Exercise brief:
Print the line containing "This is a brand", then every line after it through the end of the material, exactly as written and without pictures.

Source material:

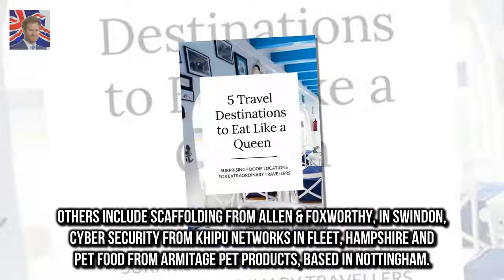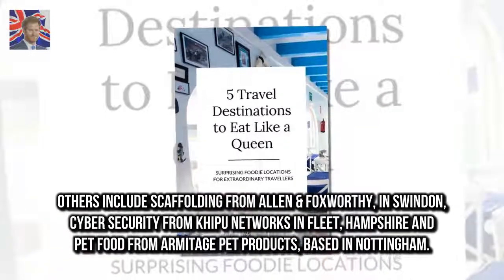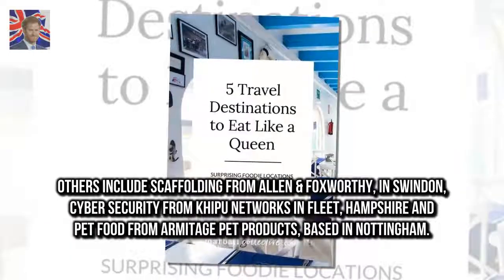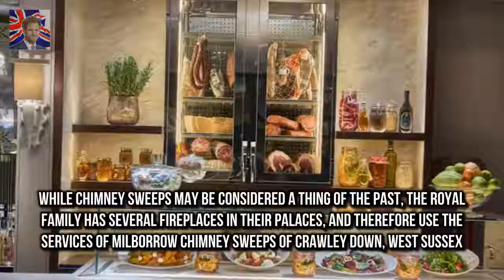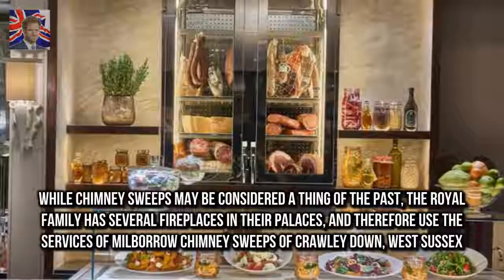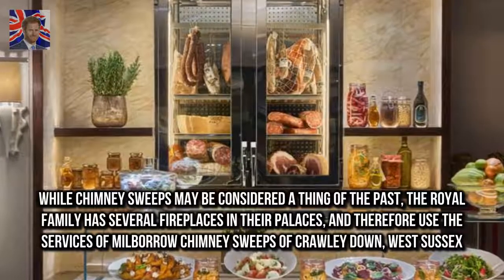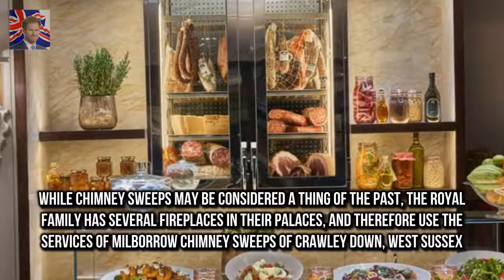Others include scaffolding from Allen & Foxworthy in Swindon, cyber security from Kipu Networks & Fleet, Hampshire, and pet food from Armitage Pet Products based in Nottingham. While chimney sweeps may be considered a thing of the past, the royal family has several fireplaces in their palaces and therefore use the services of Milbarro chimney sweeps of Crawley Down, West Sussex.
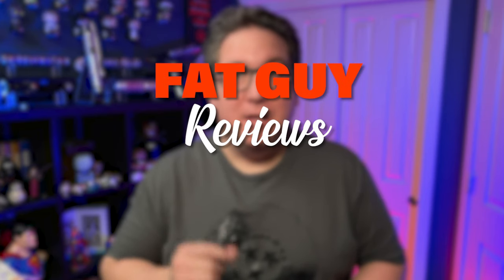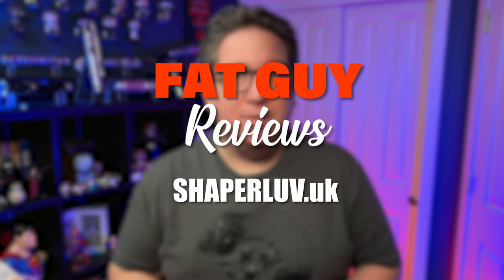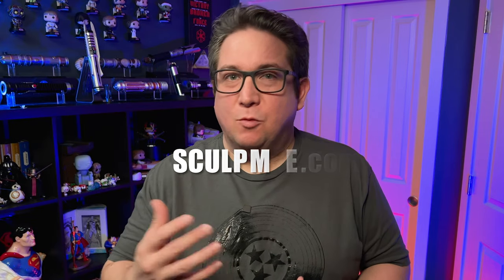It's time for another fat guy review. This time we're doing shaperlove.uk, which is now sculptme.com — they rebranded right after they sent me these shirts. Hi, I'm Nick, and I do reviews from a fat guy's perspective because I'm looking out for us fat guys.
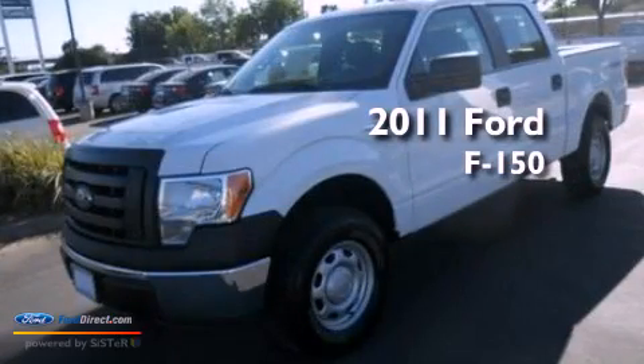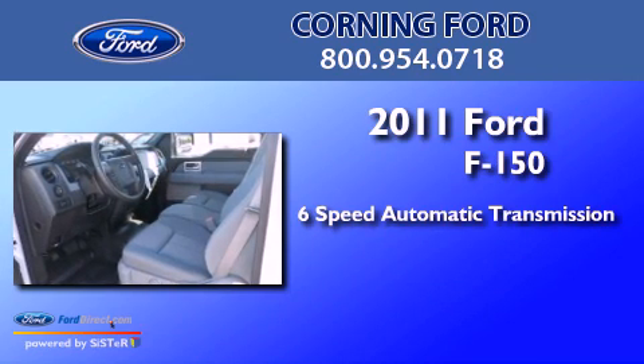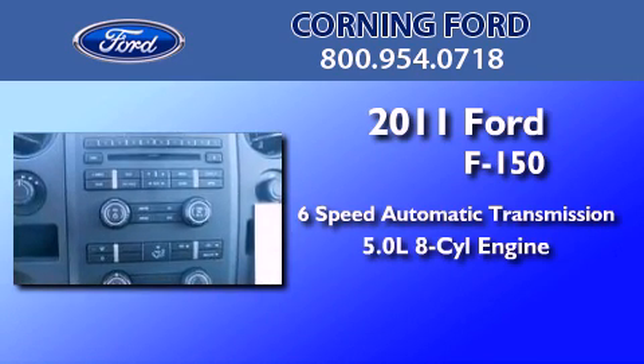This is a brand new 2011 Ford F-150. This truck has a 6-speed automatic transmission and a 5.0-liter V8.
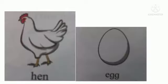This is a hen and an egg. Children, the hen gives us eggs, isn't it? So it is always paired together.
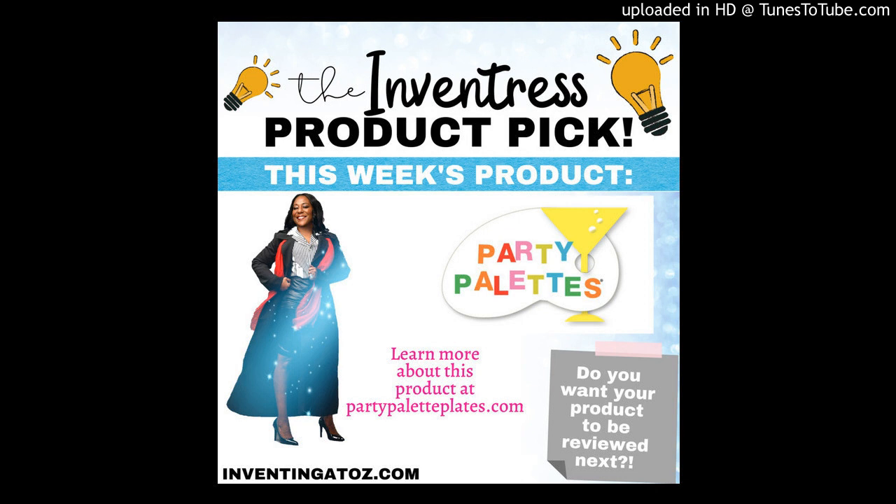Can't say that three times fast! So Party Palette Plates — how do I describe it? They are beautiful little trays that have sections where you could put all kinds of appetizers. The most exciting part for me is it also holds a beverage.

Response:
This is a brand new 2011 Ford F-150. This truck has a 6-speed automatic transmission and a 5.0-liter V8.
This is a hen and an egg. Children, the hen gives us eggs, isn't it? So it is always paired together.
Can't say that three times fast! So Party Palette Plates — how do I describe it? They are beautiful little trays that have sections where you could put all kinds of appetizers. The most exciting part for me is it also holds a beverage.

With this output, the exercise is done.